::: GIVEN RECORDS

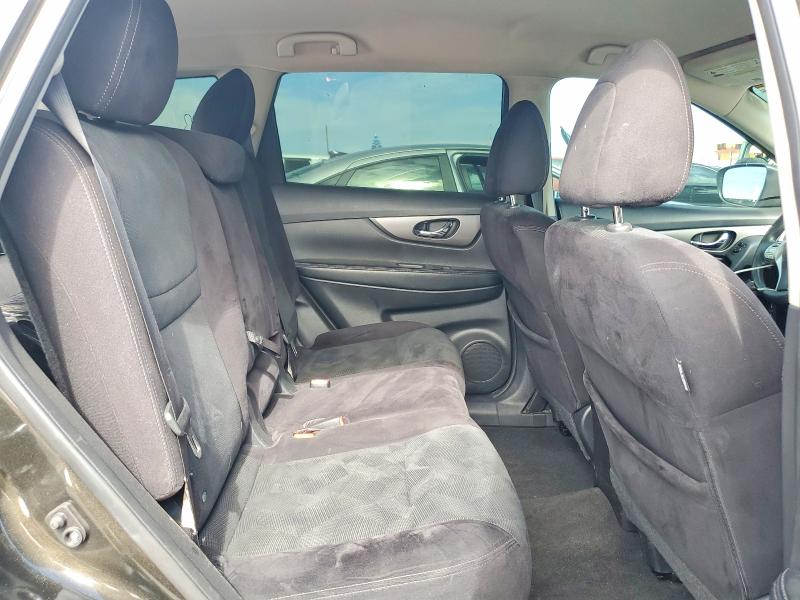 60886276 :رقم المزاد ، 5N1AT2MT7FC802043 vin ، 2015 Nissan Rogue مزاد بيع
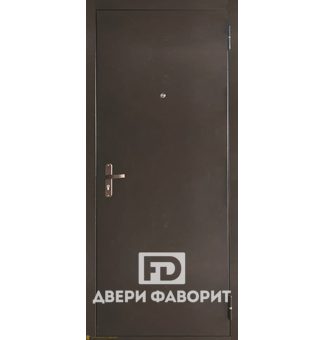 недорогая металлическая дверь с отделкой цинкогрунт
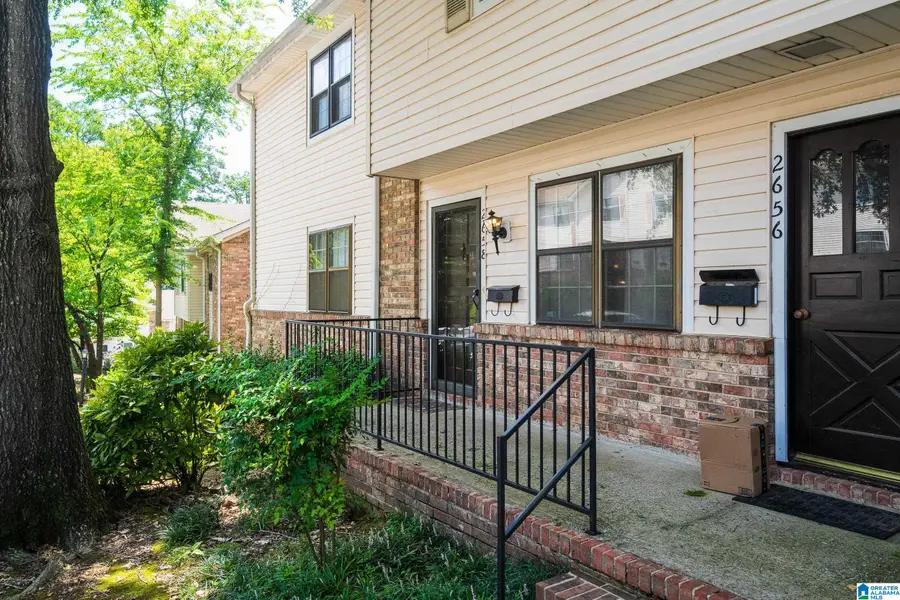 2658 SOUTHBURY CIRCLE, Vestavia Hills, AL 35216 - #2
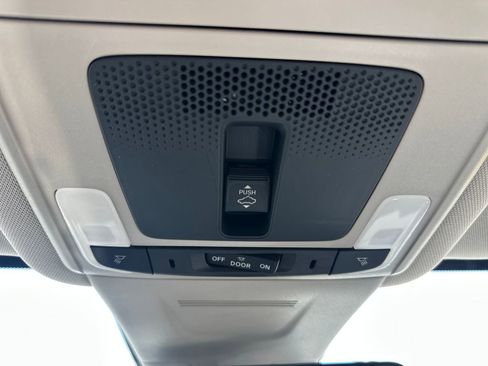 Used 2025 Honda CR-V EX-L image 30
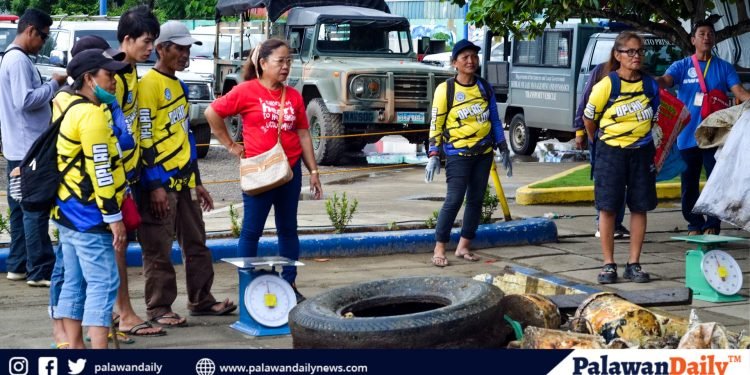 Scoop Basura recover rubber tires, and other debris from Puerto Princesa Bay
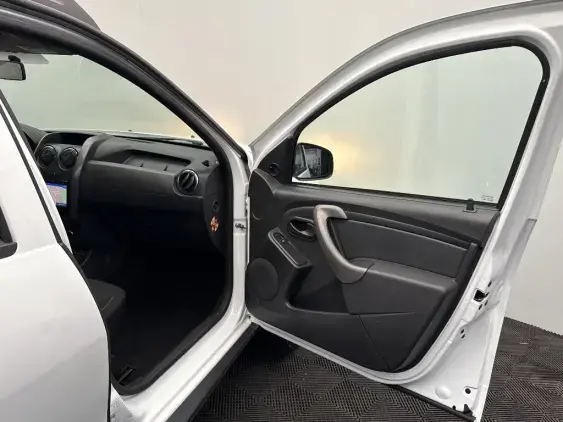 DACIA DUSTER - voiture d'occasion - Photo 18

::::::

EXERCISE GOAL
Pictures stay out; the entries above are to be output exactly as given.

EXPECTED OUTPUT
 60886276 :رقم المزاد ، 5N1AT2MT7FC802043 vin ، 2015 Nissan Rogue مزاد بيع
 недорогая металлическая дверь с отделкой цинкогрунт
 2658 SOUTHBURY CIRCLE, Vestavia Hills, AL 35216 - #2
 Used 2025 Honda CR-V EX-L image 30
 Scoop Basura recover rubber tires, and other debris from Puerto Princesa Bay
 DACIA DUSTER - voiture d'occasion - Photo 18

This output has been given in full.